Hangzhou, China is beautiful in the spring. The weather is lovely, the trees are in bloom, and if you look above the buildings, the sky is even blue. On the west lies a long, gleaming lake; on the east sit a set of low mountains. Every inch in-between is stuffed, all high rise buildings and cars throwing up a ruckus of honking and trees, crammed into the cracks. Busy, hi-tech, constructed in the last twenty years, Hangzhou is truly a twenty-first century city.
We only stay for a day, to stretch our legs after the plane ride and look in the shops, but by the time we leave I feel like Hangzhou could be my home. It’s the little details—rice for lunch, and sweets that aren’t too sweet, and hair styles that work with my face. When we get on the sleek, gleaming train to Huangyan, I look back once, and then we speed off with a whir at 350 kilometers per hour.
My parents have no past waiting for them when they return to their mother country, no memories preserved in wood or stone, not even the blue sky they used to stare up at. The West Lake, along which my mom walked to school every day as a girl, is the only thing she recognizes in Hangzhou. “At least you have that,” laughs my dad. “Even the little mountain where I herded cows has disappeared.”
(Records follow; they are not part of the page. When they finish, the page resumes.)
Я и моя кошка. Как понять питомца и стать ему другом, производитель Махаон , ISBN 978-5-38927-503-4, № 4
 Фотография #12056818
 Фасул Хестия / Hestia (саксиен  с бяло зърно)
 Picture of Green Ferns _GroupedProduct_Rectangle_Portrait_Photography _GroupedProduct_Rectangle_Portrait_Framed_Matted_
Huangyan, my father’s hometown, is the China-under-construction, all newly built houses and railroads being laid. His childhood has been torn down, the pieces arranged in museums for strangers to point and gawk at. We go to Yuhang museum, and he reminisces excitedly as we walk from exhibit to exhibit. Look, he says, eyes sparkling (though with what, it’s hard to say), we used to play those games. My sister died operating a water pump just like that. I used to follow after my brother pushing that plow and pick up small fish to feed to our ducks. It took technical skill to use that plow, so he always did it.
I look at my father under the museum’s dim lighting, as he talks about not having enough food to eat, and I try to imagine him in the place of the fake people. I can’t. (How could I? He exists in my present.)
In the countryside, glimpses remain of days of auld lang syne. A stone basin, where they wash their western style clothes by hand. Doors left open at night, so that neighbors can come in and out, a cigarette in one hand and smartphone in the other. Thick winter school uniforms, thick because the school has no heating and temperatures occasionally drop below freezing. The local dialect, which I resign myself to not being able to understand. Even those will be gone soon, the language dead. It’s strange to say a language everyone in the district grows up speaking is dying. But it is, and they know it, because television shows in the Huangyan dialect have cropped up in recent years.
Thousands of years of history is slipping out of their grasp, and it left so quickly that now that people are beginning to miss it, there is little remaining for them to hold onto. Only a single street has not been torn down, and is now being fixed up for display. Out of the windows, lines hang with drying clothes, where a couple of residents still linger.